WHAT IS REQUIRED:
From the entries that follow, list every line in which the string "Mazda" appears.

*** TASK INPUTS ***

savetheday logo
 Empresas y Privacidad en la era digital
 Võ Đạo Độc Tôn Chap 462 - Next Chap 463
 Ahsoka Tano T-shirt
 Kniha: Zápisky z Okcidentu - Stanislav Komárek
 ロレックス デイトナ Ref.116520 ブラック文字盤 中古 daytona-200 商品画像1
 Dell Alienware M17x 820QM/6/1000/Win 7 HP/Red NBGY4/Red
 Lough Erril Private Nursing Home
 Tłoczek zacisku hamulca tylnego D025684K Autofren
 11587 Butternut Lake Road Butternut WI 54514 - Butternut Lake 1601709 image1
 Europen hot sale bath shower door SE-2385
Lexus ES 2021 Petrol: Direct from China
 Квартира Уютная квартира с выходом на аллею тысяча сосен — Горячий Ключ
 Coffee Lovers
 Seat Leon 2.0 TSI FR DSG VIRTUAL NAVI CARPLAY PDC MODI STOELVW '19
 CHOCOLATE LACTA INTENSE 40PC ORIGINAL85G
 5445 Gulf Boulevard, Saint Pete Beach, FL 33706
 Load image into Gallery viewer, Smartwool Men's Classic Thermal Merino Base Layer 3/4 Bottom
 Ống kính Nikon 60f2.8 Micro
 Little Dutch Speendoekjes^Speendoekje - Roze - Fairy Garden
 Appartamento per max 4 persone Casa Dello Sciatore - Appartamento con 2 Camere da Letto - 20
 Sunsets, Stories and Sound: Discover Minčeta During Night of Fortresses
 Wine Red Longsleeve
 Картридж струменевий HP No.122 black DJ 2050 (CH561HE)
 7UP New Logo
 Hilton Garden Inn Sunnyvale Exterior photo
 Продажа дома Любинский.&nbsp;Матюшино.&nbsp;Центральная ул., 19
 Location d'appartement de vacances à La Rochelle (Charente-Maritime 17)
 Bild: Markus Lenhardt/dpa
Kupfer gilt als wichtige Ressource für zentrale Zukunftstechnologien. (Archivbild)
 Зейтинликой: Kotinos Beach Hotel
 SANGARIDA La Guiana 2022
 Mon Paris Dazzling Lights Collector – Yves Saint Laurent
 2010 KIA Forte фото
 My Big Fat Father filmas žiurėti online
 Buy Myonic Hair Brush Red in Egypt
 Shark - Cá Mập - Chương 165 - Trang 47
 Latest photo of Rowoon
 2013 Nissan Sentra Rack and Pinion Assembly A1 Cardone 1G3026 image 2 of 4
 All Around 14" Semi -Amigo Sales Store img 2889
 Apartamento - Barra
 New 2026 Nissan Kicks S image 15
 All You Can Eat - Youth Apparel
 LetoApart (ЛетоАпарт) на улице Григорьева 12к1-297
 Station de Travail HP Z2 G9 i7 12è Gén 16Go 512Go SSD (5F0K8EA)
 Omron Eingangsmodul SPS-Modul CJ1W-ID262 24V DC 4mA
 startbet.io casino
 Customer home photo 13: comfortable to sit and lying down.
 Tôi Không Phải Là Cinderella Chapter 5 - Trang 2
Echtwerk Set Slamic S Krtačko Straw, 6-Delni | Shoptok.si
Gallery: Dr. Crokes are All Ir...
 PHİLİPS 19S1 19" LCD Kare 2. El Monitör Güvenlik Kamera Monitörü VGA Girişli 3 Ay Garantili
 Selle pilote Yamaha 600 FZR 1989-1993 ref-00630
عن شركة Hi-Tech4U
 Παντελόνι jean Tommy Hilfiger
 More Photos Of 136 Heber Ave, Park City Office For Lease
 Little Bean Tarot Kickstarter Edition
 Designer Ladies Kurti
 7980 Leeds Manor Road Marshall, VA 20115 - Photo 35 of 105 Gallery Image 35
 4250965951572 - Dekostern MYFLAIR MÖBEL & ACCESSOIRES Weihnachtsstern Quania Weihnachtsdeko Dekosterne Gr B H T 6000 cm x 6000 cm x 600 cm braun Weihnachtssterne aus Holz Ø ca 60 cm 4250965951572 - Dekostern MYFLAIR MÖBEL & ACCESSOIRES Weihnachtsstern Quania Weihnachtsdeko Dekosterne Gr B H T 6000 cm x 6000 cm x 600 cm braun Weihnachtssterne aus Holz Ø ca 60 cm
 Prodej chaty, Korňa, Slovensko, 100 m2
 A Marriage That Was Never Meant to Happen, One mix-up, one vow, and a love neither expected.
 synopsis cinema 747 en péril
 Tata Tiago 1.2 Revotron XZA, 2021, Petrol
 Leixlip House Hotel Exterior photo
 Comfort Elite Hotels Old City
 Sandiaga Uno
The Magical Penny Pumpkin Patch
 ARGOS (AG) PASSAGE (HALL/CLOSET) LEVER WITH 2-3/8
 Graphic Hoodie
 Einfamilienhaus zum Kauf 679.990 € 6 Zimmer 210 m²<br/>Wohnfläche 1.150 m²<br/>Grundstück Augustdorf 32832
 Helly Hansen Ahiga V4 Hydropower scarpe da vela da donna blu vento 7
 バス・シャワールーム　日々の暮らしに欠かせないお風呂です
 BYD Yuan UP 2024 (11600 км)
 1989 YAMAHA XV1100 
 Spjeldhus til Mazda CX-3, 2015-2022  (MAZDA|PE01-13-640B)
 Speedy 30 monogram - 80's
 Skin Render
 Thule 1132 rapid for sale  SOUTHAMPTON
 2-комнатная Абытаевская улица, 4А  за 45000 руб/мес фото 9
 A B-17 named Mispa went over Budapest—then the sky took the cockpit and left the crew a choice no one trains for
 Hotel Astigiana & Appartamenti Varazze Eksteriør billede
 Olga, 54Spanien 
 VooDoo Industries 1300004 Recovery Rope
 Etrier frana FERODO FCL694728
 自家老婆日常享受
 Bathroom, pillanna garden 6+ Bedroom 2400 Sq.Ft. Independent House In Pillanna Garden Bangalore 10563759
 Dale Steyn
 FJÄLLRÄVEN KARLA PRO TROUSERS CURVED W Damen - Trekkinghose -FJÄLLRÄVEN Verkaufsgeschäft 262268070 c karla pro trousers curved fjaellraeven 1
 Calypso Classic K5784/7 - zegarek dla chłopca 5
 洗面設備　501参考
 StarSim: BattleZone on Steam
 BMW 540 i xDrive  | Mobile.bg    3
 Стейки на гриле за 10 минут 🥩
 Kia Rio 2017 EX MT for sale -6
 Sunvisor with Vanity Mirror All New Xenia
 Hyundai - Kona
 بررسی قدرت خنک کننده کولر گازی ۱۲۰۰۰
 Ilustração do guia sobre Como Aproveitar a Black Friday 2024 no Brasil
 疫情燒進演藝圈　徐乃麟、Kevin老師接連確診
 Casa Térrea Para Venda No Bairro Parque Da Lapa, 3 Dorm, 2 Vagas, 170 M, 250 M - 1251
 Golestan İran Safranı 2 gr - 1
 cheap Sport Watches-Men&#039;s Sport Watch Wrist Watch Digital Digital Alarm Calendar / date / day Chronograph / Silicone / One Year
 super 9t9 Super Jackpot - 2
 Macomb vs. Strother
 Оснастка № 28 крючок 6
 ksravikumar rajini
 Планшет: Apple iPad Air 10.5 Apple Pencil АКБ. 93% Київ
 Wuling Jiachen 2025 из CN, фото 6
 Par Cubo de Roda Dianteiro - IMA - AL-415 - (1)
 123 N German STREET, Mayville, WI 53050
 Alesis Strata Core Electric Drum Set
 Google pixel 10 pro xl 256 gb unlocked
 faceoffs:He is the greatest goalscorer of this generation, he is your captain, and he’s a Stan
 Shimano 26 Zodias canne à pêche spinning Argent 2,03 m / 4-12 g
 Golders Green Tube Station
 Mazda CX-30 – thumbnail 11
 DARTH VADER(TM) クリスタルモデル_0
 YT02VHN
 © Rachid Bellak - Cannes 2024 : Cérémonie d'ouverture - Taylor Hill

*** End of TASK INPUTS ***

YOUR RESPONSE:
 Spjeldhus til Mazda CX-3, 2015-2022  (MAZDA|PE01-13-640B)
 Mazda CX-30 – thumbnail 11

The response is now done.